# Solve 1/1+i in polar form ?

Mar 28, 2018

$\frac{1}{1 + i} = \frac{\sqrt{2}}{2} \left[\cos \left(- \frac{\pi}{4}\right) + i \sin \left(- \frac{\pi}{4}\right)\right]$

#### Explanation:

$\frac{1}{1 + i}$

and express the result in the form $r \left[\cos \theta + i \sin \theta\right]$.

First convert the numerator and denominator to polar form.

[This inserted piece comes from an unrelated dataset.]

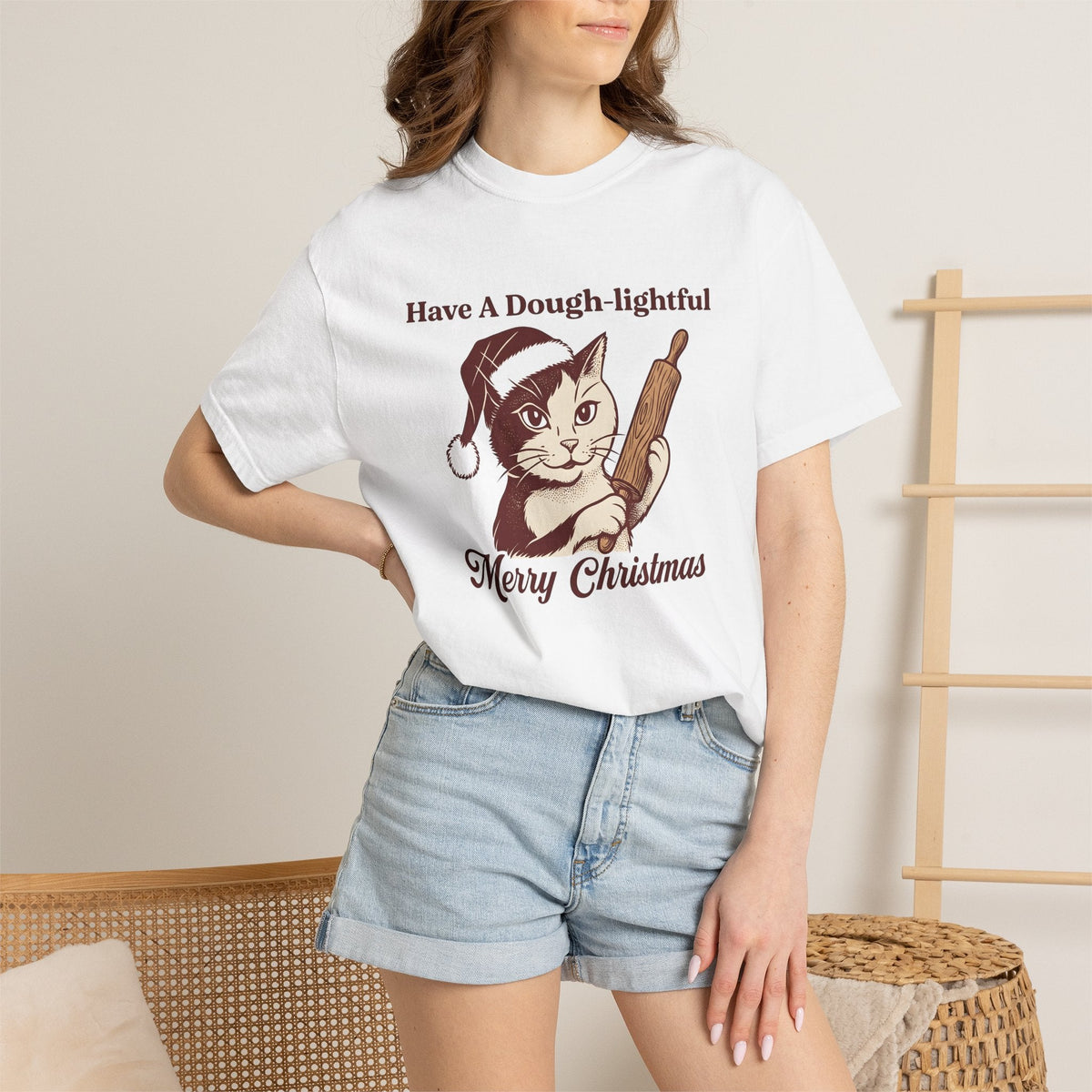 Kitty Santa Hat Shirt Cat Holiday Gift for Women Retro Tee Cat Lady T-Shirt Cat
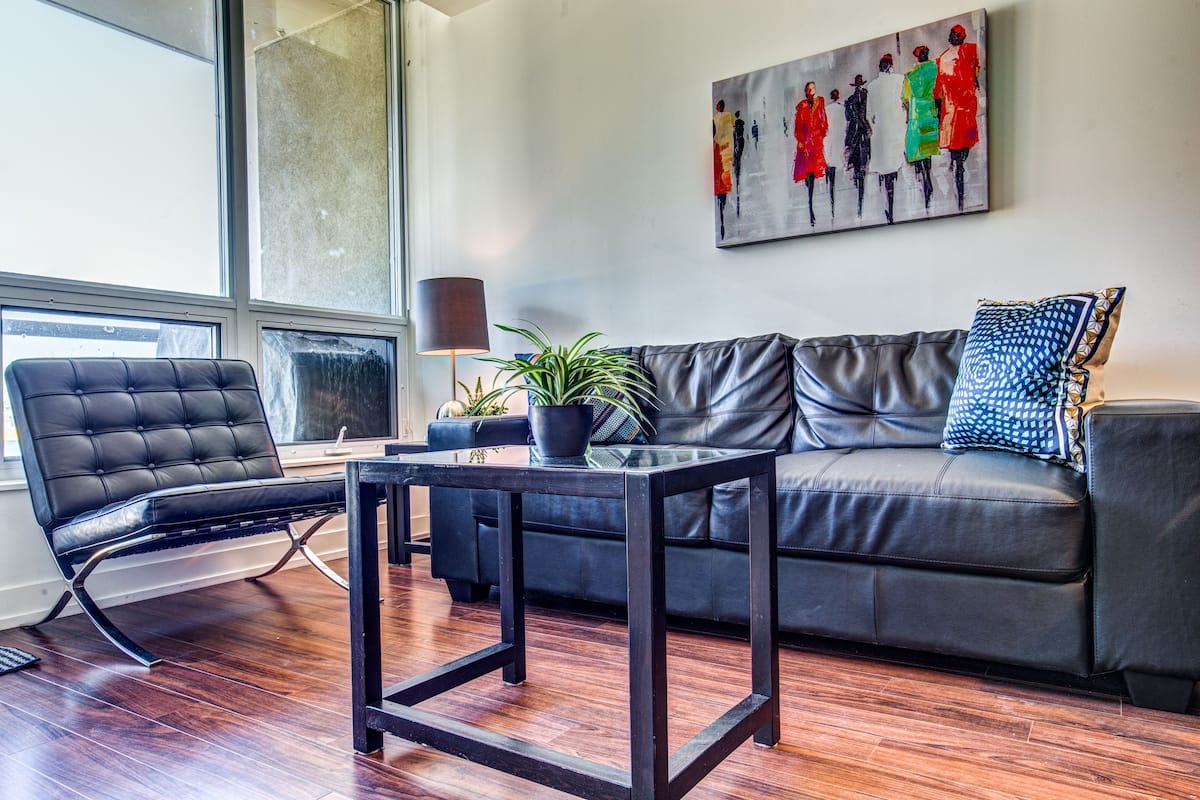 Executive Suite, 1 Queen Bed | 1 bedroom, iron/ironing board, WiFi (free)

$\frac{1}{1 + i} = \frac{1 \left[\cos \left(0\right) + i \sin \left(0\right)\right]}{\sqrt{2} \left[\cos \left(\frac{\pi}{4}\right) + i \sin \left(\frac{\pi}{4}\right)\right]}$

Now we can find the result like so:

$\Rightarrow \frac{1}{\sqrt{2}} \left[\cos \left(0 - \frac{\pi}{4}\right) + i \sin \left(0 - \frac{\pi}{4}\right)\right]$

$\Rightarrow \frac{\sqrt{2}}{2} \left[\cos \left(- \frac{\pi}{4}\right) + i \sin \left(- \frac{\pi}{4}\right)\right]$

Mar 28, 2018

1/sqrt(2)(cos(-1/4pi)+isin(-1/4pi)

#### Explanation:

The method Sharkbasket used is completly right, this is just a second way...
$\frac{1}{1 + i} \to$
$\text{Expand the fraction by} \left(1 - i\right)$
$\text{to get rid of the i in the denominator}$

$\frac{1 \cdot \left(1 - i\right)}{\left(1 + i\right) \left(1 - i\right)} = \frac{1 - i}{{1}^{2} - {i}^{2}} = \frac{1 - i}{2} = \frac{1}{2} - \frac{i}{2}$

From here on it is basicly the same...

$r = \sqrt{{\left(\frac{1}{2}\right)}^{2} + {\left(\frac{1}{2}\right)}^{2}} = \sqrt{\frac{2}{4}} = \frac{1}{\sqrt{2}}$
$\theta = {\tan}^{-} 1 \left(\frac{\frac{1}{2}}{- \frac{1}{2}}\right) = {\tan}^{-} 1 \left(- 1\right) = - \frac{1}{4} \pi$

1/sqrt(2)(cos(-1/4pi)+isin(-1/4pi)

Mar 28, 2018

see a solution process below;

#### Explanation:

$\frac{1}{1} + i$

$1$ in polar form $= 1 \left(\cos 0 + i \sin 0\right)$

Where;

$1 = r = \sqrt{1 + 0} = 1$

theta = tan-¹0 =0

r=√(1+1) =√2

theta = tan-¹(1/1)=45

Now;

$\frac{1}{1} + i = \frac{1 \left(\cos 0 + i \sin 0\right)}{\sqrt{2} \left(\cos 45 + i \sin 45\right)}$

By complex analysis we have;

$\frac{1}{\sqrt{2}} \left[\cos \left(0 - 45\right) + i \sin \left(0 - 45\right)\right]$

Therefore;

$\frac{1}{1} + i = \frac{\sqrt{2}}{2} \left[\cos 45 - i \sin 45\right]$

Note: $\cos \left(- \theta\right) = \cos \theta$